New Research in Motion (RIM) CEO held his first official conference call as head of the BlackBerry-makers this morning, detailing his plans to reverse the company’s fortunes following the resignation of the former co-CEOs, Jim Balsillie and Mike Lazaridis.
After setting out the company’s plans at the beginning of the call, Heins moved quickly to reassure investors that under his leadership, RIM would look to invest a lot of “energy and effort” into market communication, making the company more “marketing driven and consumer orientated”.
RIM continues to enjoy a “strong customer base in enterprise”, but has found that is where it is “skewed to”, especially in the U.S. In Asia, the company is experiencing strong growth in consumer markets and Heins identifies that it needs to engage more with its consumer base and build upon with its 75 million+ customers.
Heins also indentified that RIM would look more into the “execution area”:
RIM has gone through a tremendous growth phase and scaled really tremendously fast and successfully but we innovated whilst we developed the product, and that needs to stop.
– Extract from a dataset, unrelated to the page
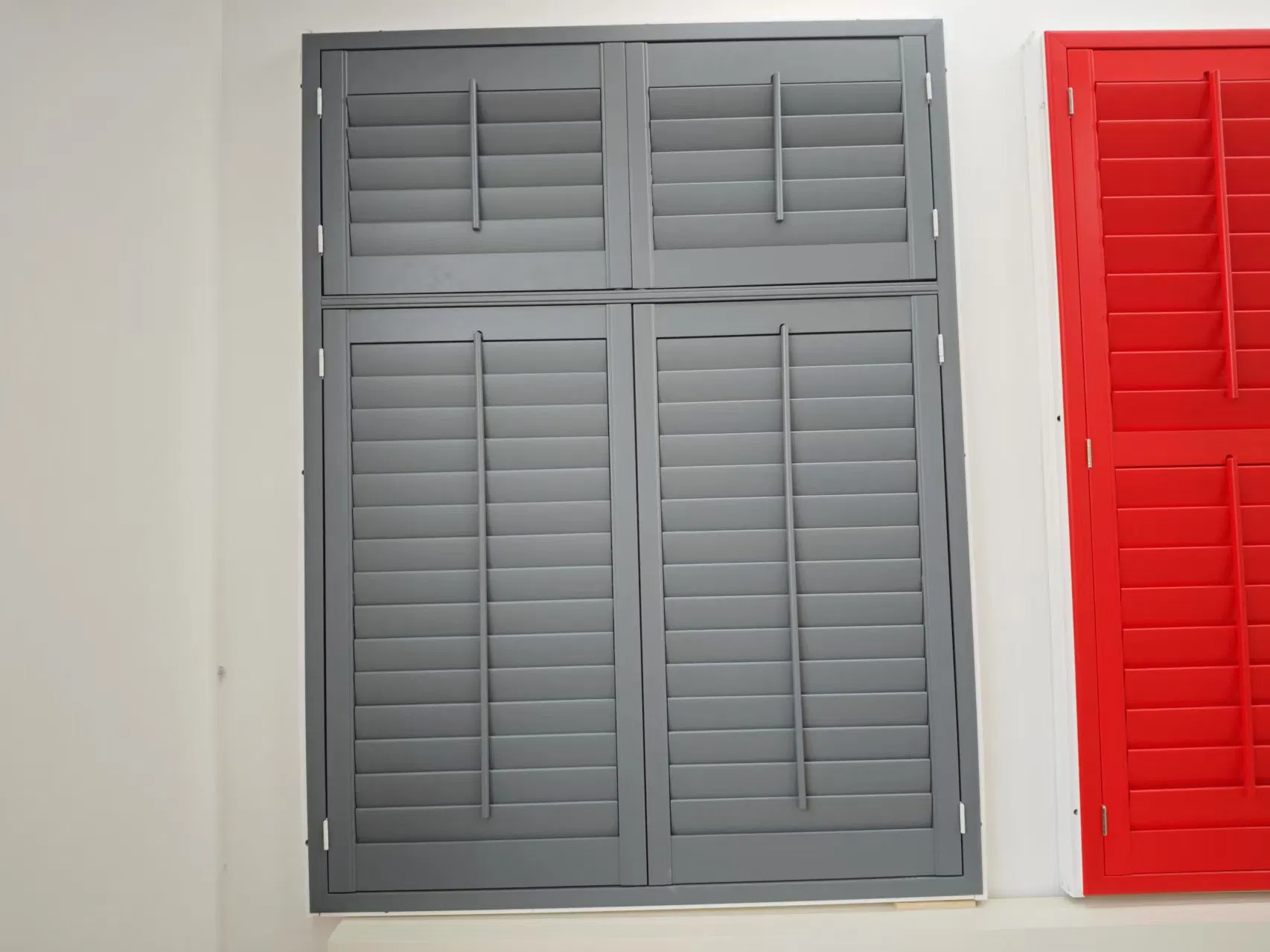 Tier on Tier Window Shutters with a Horizontal Tpost
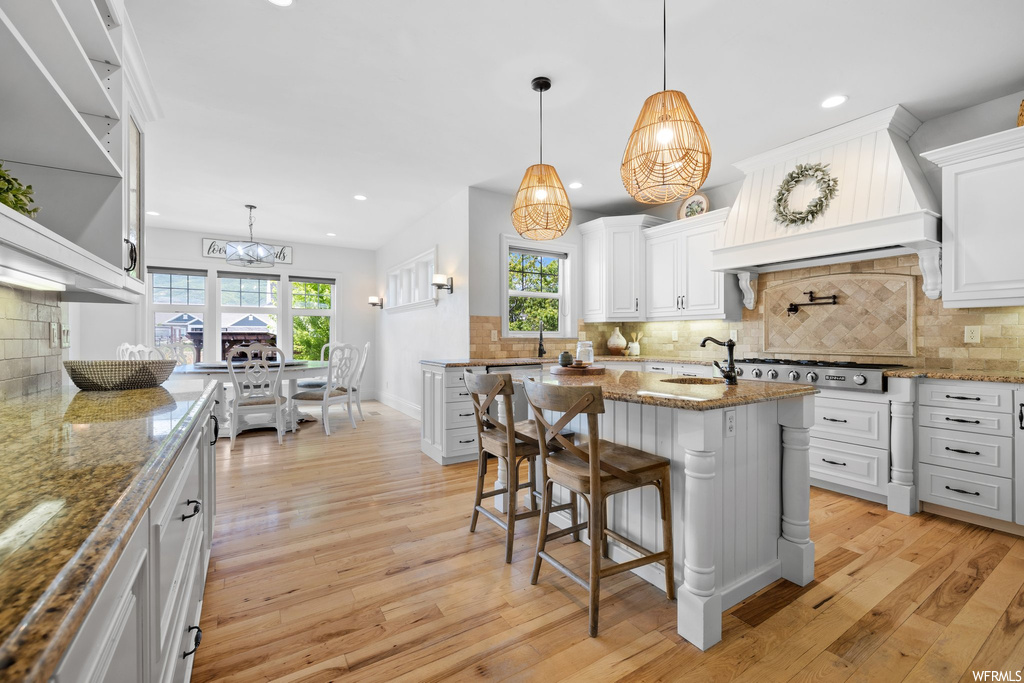 Kitchen with a kitchen island, dark stone counters, premium range hood, backsplash, stainless steel gas cooktop, hanging light fixtures, light hardwood flooring, a healthy amount of sunlight, and white cabinetry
We need to innovate, but will do this now with much more emphasis on prototyping and concepting. We have great teams that can try stuff out, so when we say a product is defined and a product is a product, execution has to be really really precise and no churn can exist in development programs.
To boost its consumer base, Heins says RIM will continue to develop its “BlackBerry for everyone” strategy. The strategy involves moving consumers from featurephones to smartphones, easing the transition between an older mobile device and a new, more capable smartphone.
“Do people jump from featurephones to the top-notch high-end smartphone? Probably not. They need a good landing point to experience the smartphone capabilities on a BlackBerry.
But once they are in the segment, part of our strategy is to be really strong on ‘onboarding’, so really to be a major player in the entry-level segment.”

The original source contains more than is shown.